A postman was wrongly slapped with a £110 fine after parking his delivery van for ten minutes – while helping a little old lady cross the road.
Kind postie David Welland, 31, helped an elderly resident while delivering letters on his route.
But he was gobsmacked when a council fined him £50 for parking in a controlled zone – despite postmen being allowed to park delivery vehicles without facing a ticket.
And when David appealed the fine, Barnet Council, in north London, upped it to £110.
He said: “I feel the attitude of Barnet has not only undermined but belittled the service Royal Mail gives the public, not only in its postal service but, as and when possible, to help, advise and assist.”

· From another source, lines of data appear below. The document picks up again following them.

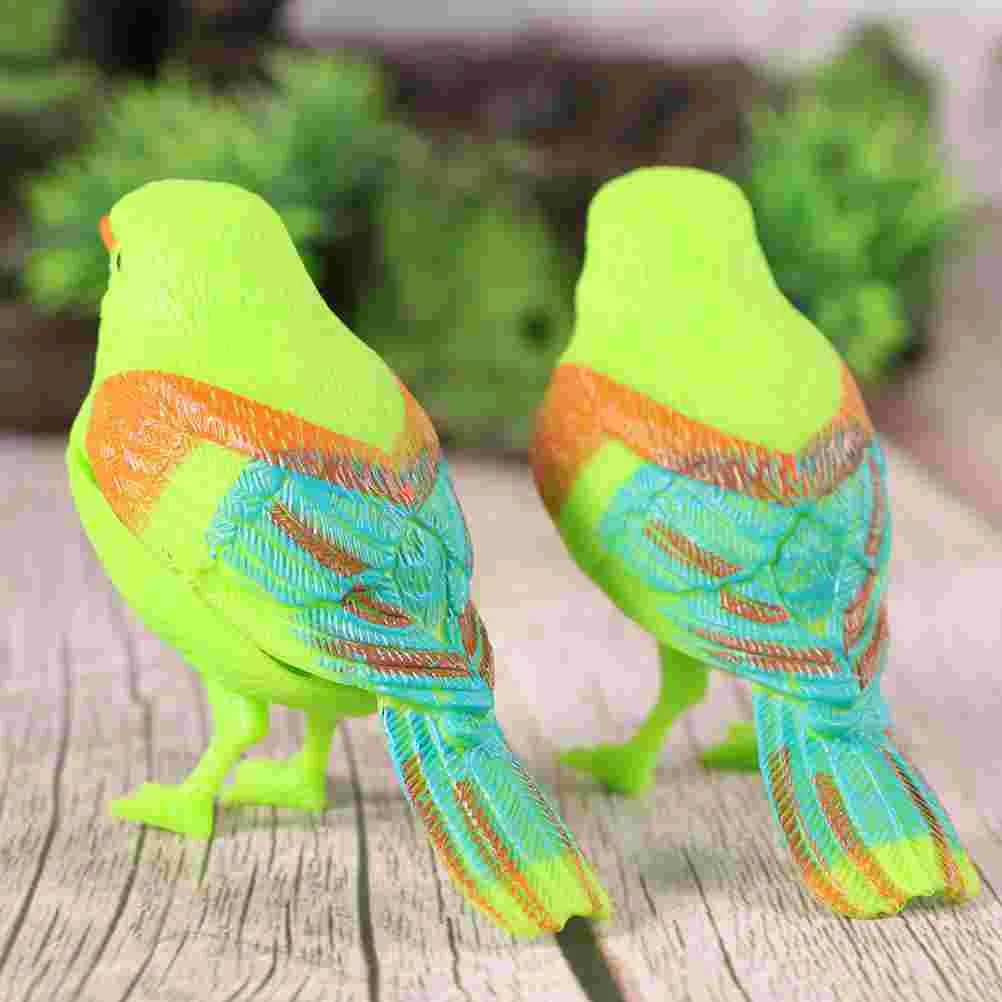 4pcs Bird Toy Singing Chirping Voice Activation Colorful Electronic Pets Lightweight Fall Resistant Nature Loving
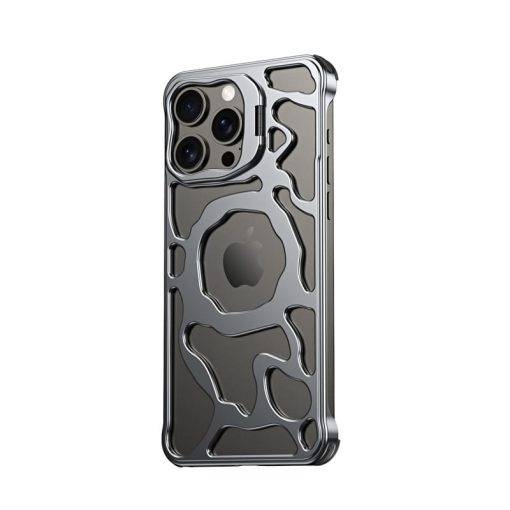 MagSafe Metal Alloy Air Cushion Kickstand Case iPhone 16 Pro Max Cover - Image 8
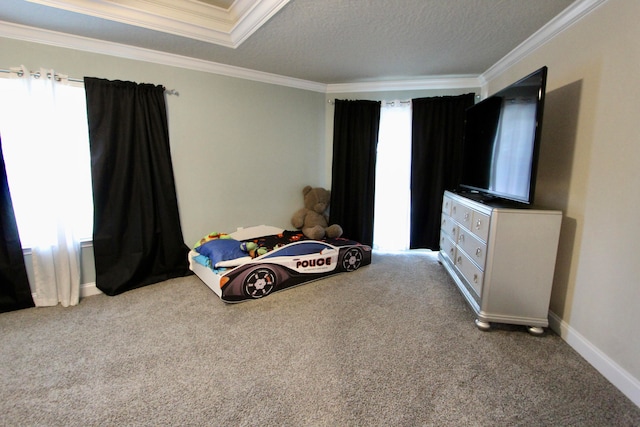 carpeted bedroom with crown molding and a textured ceiling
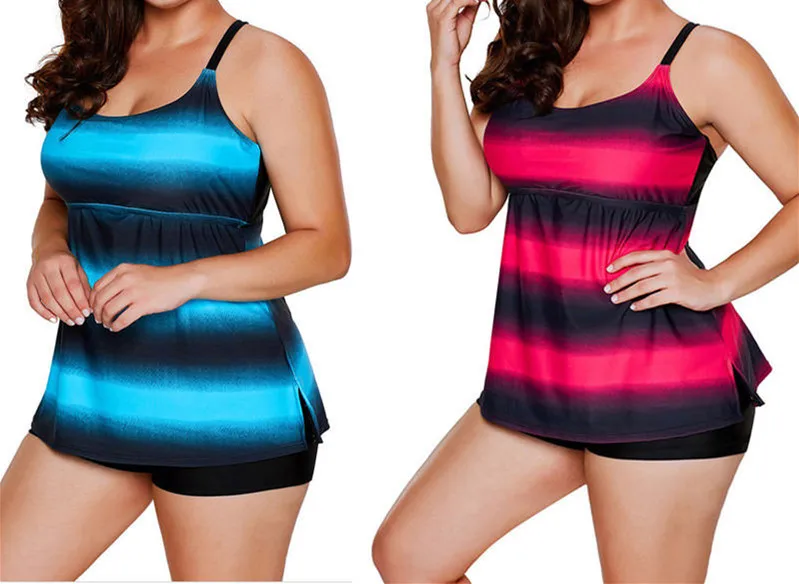 2018 New Brand High Quality Plus Size Push up Womens Two Piece Swim Dress Swimsuit Bikini Swimwear | One-Piece Suits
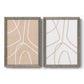 Set of two gray barnwood framed canvas prints featuring two minimalist line abstracts featuring single continuous tan lines forming oversized organic curves.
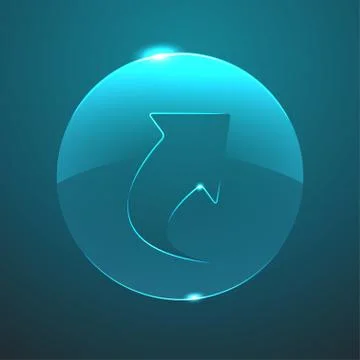 Vector glass arrow in round icon Stock Illustration
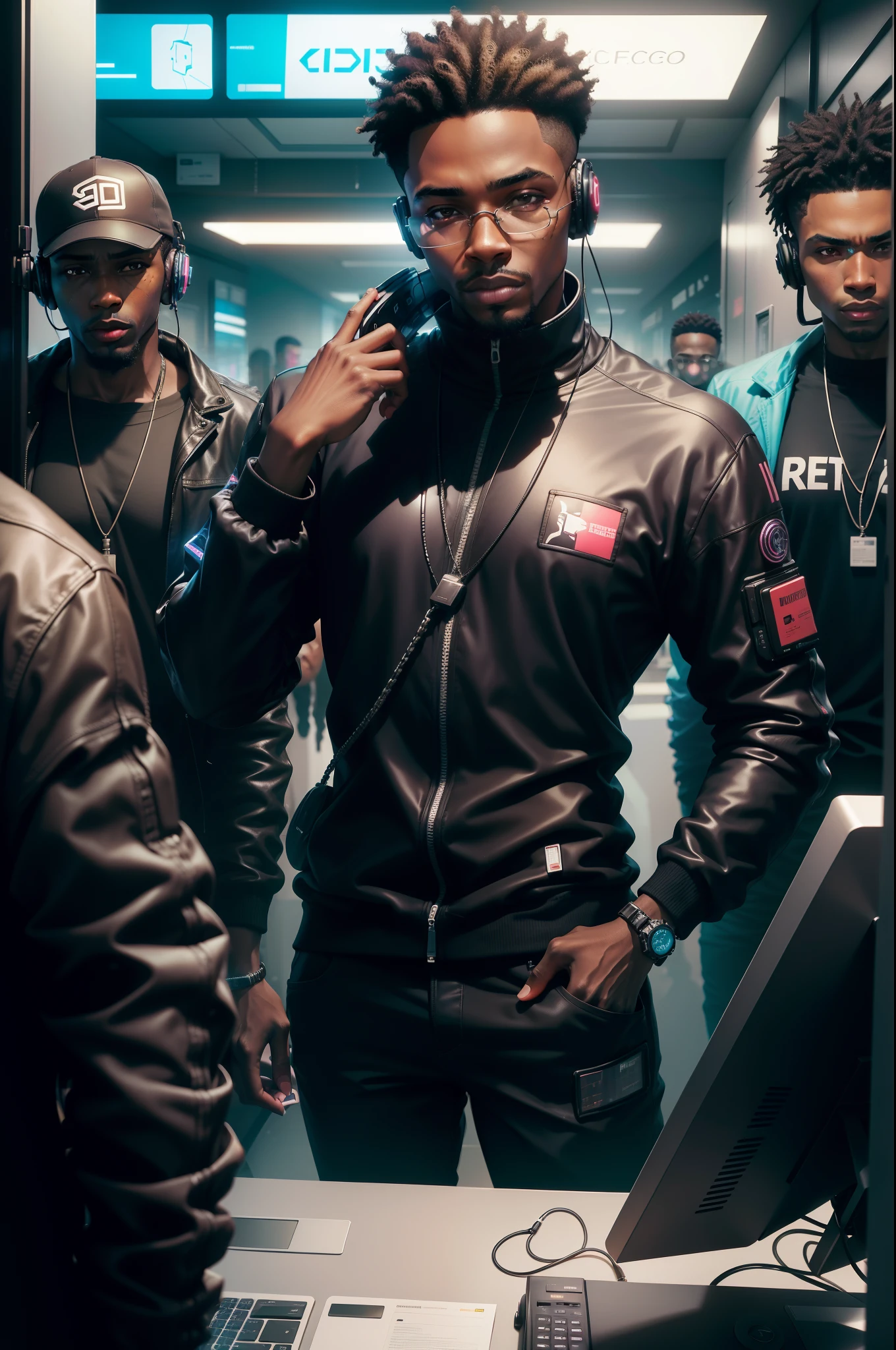 (Several young black men, com idade entre 18 e 40 anos), central de telemarketing (cyberpunk, gigantic futuristic), atendimento ao cliente pelo telefone, several employees half human half machine, em suas mesas de trabalho realizando pesquisas, talking on the phone looking at the camera at the time of the Selfie.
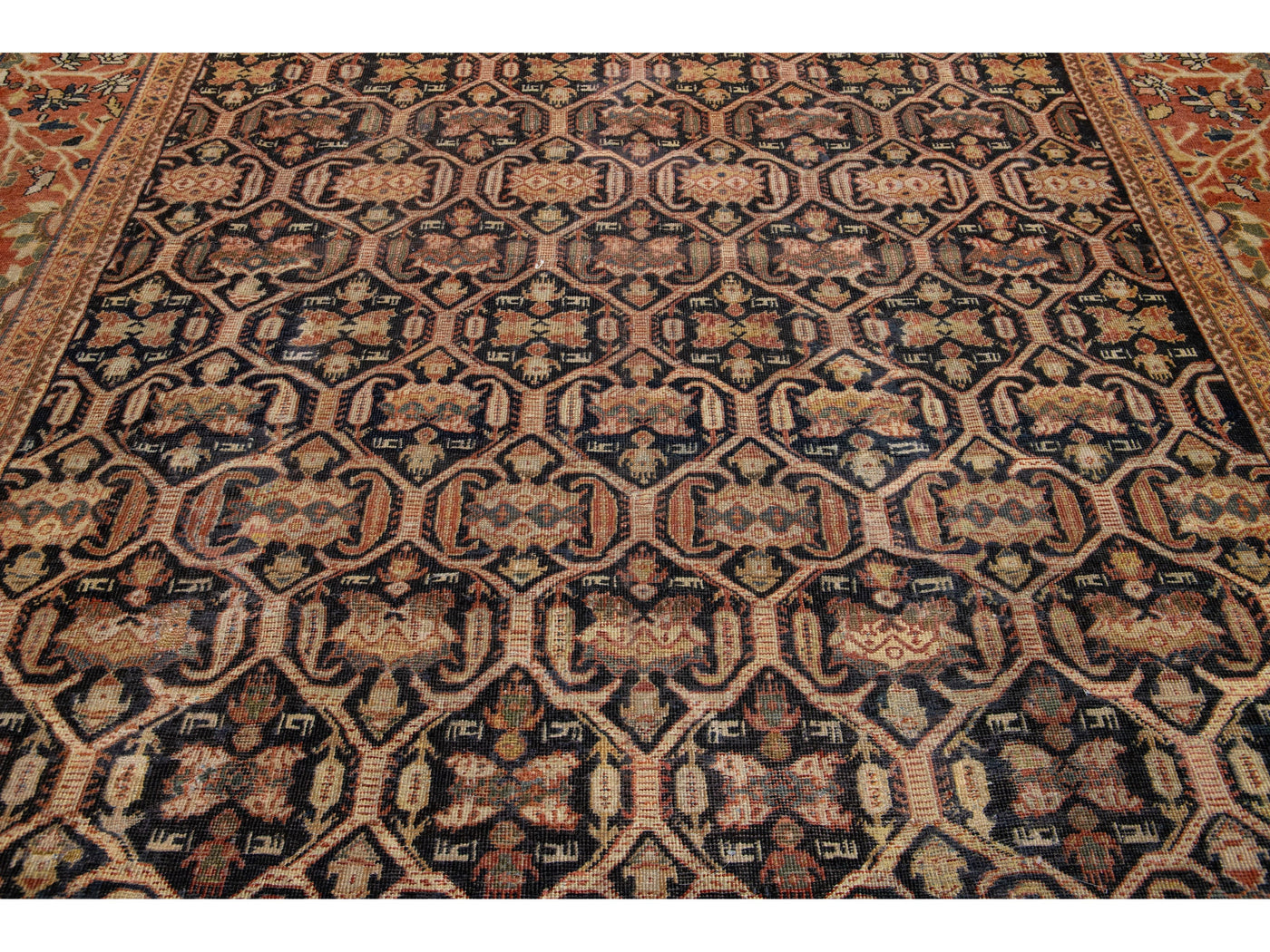 Antique Mahal Wool Rug 10 X 12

David, who lives in New Barnet, north London, was accused of breaching the controlled parking rules, which ran in the area between 2pm and 3pm, by just ten minutes.
It was only when he appealed to the parking adjudicator that the fine was revoked – despite 1kg of evidence being presented against him.
He also contacted three local councillors to fight the case, but said none got back to him.
David stopped his car, which was not a red Royal Mail vehicle, while delivering letters on May 15.
But his return was slightly delayed when he stopped to help an old resident cross the road.
Local parking blogger Derek Dishman, who writes under the name Mr Mustard, accused the council of being motivated by a ‘desire for income’.
He said: “The council’s incorrect rejection of Mr Welland’s perfectly valid challenge may have been motivated by the council’s desire for income as that seems to have trumped the need to be good citizens.”
A Barnet Council spokesman said: “The vehicle in question – which on appearance did not look part of the branded Royal Mail fleet – was parked on a restricted yellow line in a controlled parking zone during the prescribed hours, between 2pm and 3pm.
“A penalty charge notice was issued to the vehicle for that reason.
“Having reviewed the evidence, the Traffic Adjudicator ruled in favour of Mr Welland.
“A decision by an adjudicator is based on their personal assessment of an appeal and does not set a precedent.”